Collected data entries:
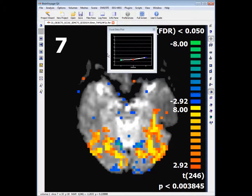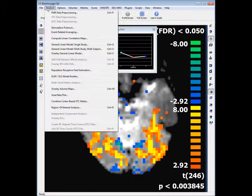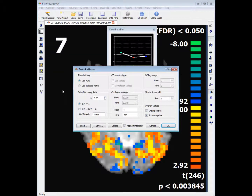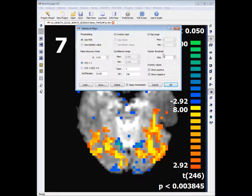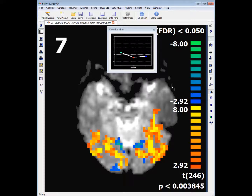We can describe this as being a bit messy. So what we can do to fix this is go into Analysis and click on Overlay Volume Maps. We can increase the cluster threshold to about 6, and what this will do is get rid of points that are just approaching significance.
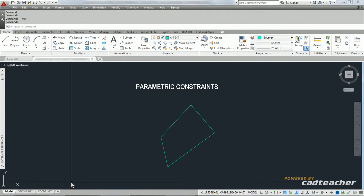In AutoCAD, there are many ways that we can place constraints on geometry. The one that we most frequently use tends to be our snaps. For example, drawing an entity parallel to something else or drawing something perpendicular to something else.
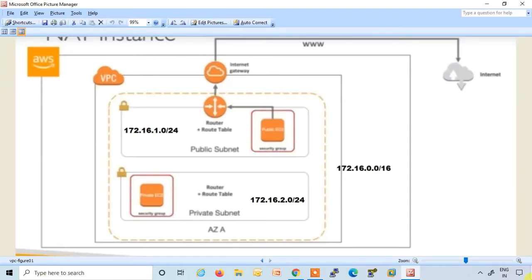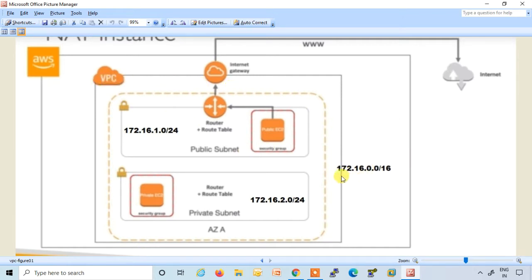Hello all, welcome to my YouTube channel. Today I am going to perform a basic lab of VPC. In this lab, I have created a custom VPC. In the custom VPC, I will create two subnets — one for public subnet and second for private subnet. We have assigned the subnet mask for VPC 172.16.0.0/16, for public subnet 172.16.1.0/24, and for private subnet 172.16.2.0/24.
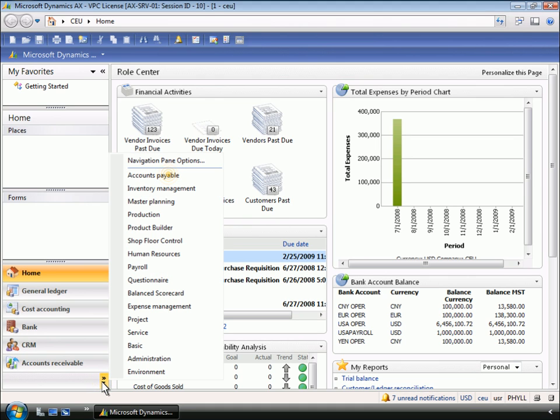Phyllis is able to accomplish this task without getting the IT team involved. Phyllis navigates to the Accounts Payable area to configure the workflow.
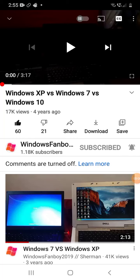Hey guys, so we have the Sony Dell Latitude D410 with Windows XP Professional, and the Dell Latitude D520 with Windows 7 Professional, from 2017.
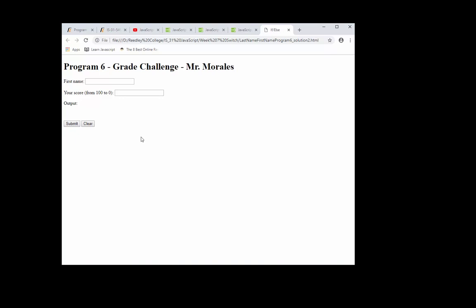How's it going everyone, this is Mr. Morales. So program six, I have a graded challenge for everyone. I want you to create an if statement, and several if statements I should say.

§ Goal of the exercise
Exactly the lines from the one holding "Hello all, welcome" through the last line of the entries must be set down, with nothing added and no pictures.

§ Answer for the task
Hello all, welcome to my YouTube channel. Today I am going to perform a basic lab of VPC. In this lab, I have created a custom VPC. In the custom VPC, I will create two subnets — one for public subnet and second for private subnet. We have assigned the subnet mask for VPC 172.16.0.0/16, for public subnet 172.16.1.0/24, and for private subnet 172.16.2.0/24.
Phyllis is able to accomplish this task without getting the IT team involved. Phyllis navigates to the Accounts Payable area to configure the workflow.
Hey guys, so we have the Sony Dell Latitude D410 with Windows XP Professional, and the Dell Latitude D520 with Windows 7 Professional, from 2017.
How's it going everyone, this is Mr. Morales. So program six, I have a graded challenge for everyone. I want you to create an if statement, and several if statements I should say.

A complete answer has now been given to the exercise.